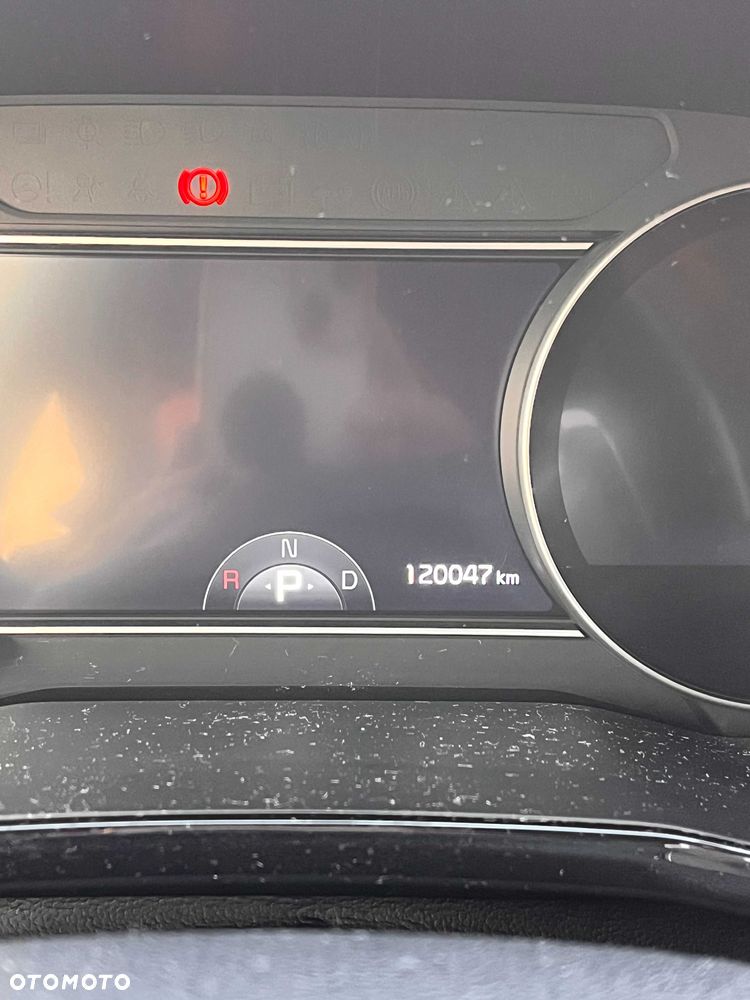 Kia Niro - 13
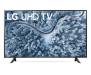 Телевизор LG 65UP7000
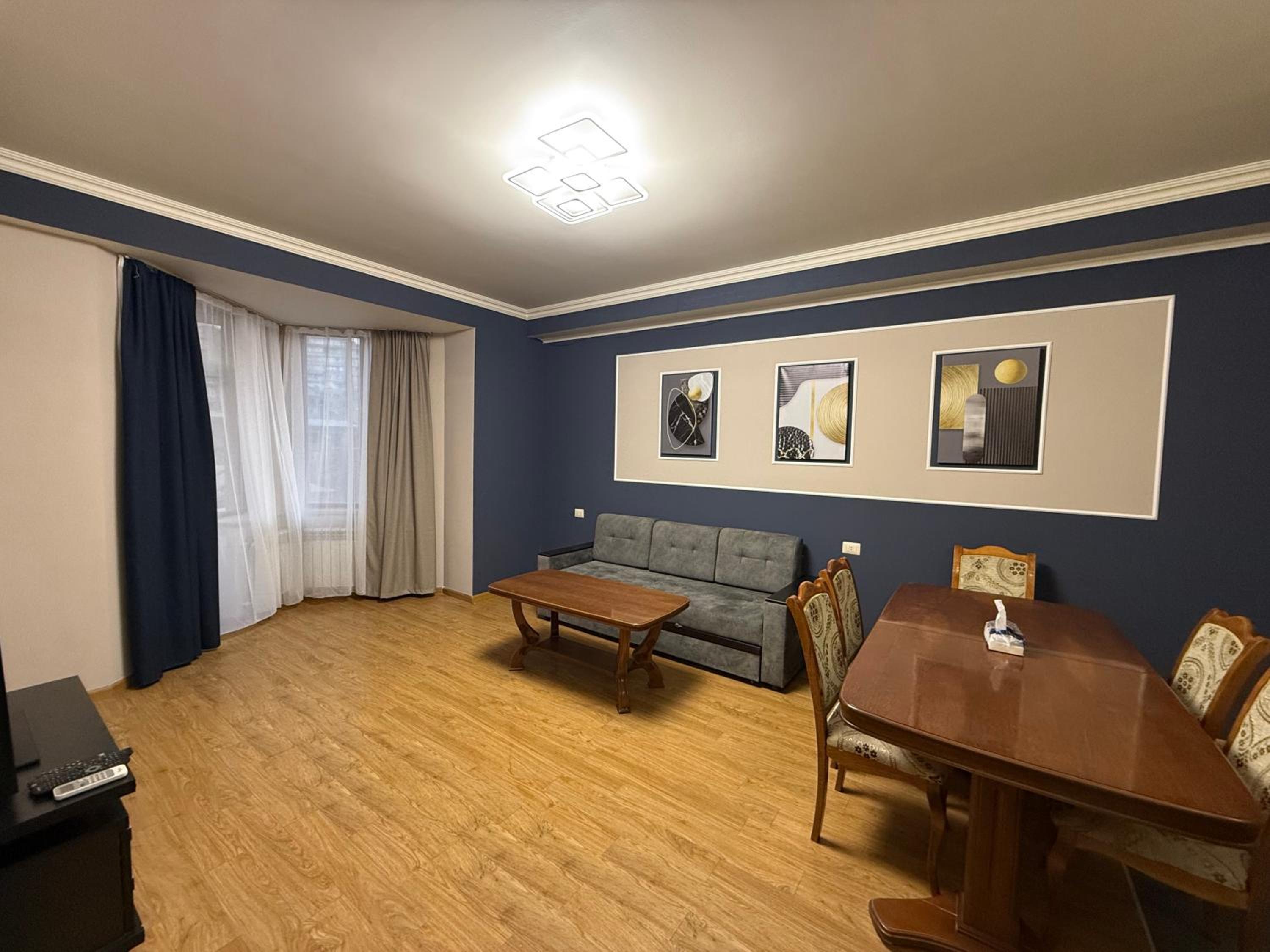 best apartments on Mashtoc avenue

──────

* [Directions] If a picture falls within the lines from the one containing "Телевизор LG 65UP7000" through the end of the material, leave it out while repeating those lines exactly.

* [Solution to this exercise]
 Телевизор LG 65UP7000
 best apartments on Mashtoc avenue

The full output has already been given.